EXERCISE BRIEF: The answer should be one number only, namely how many lines of the records hold the word "design".

[MATERIAL PROVIDED]

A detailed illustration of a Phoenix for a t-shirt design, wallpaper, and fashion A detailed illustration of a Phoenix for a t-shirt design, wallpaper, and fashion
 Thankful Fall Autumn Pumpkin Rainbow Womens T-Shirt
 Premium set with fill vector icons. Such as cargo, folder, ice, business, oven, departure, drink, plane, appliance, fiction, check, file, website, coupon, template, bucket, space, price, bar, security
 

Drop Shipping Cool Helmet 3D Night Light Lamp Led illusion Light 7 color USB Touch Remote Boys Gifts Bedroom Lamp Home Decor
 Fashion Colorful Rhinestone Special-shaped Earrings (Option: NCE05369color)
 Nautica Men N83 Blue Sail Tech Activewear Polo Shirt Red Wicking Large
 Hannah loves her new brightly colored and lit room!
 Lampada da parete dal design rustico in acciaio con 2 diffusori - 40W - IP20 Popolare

[/MATERIAL PROVIDED]

ANSWER TO THE EXERCISE: 2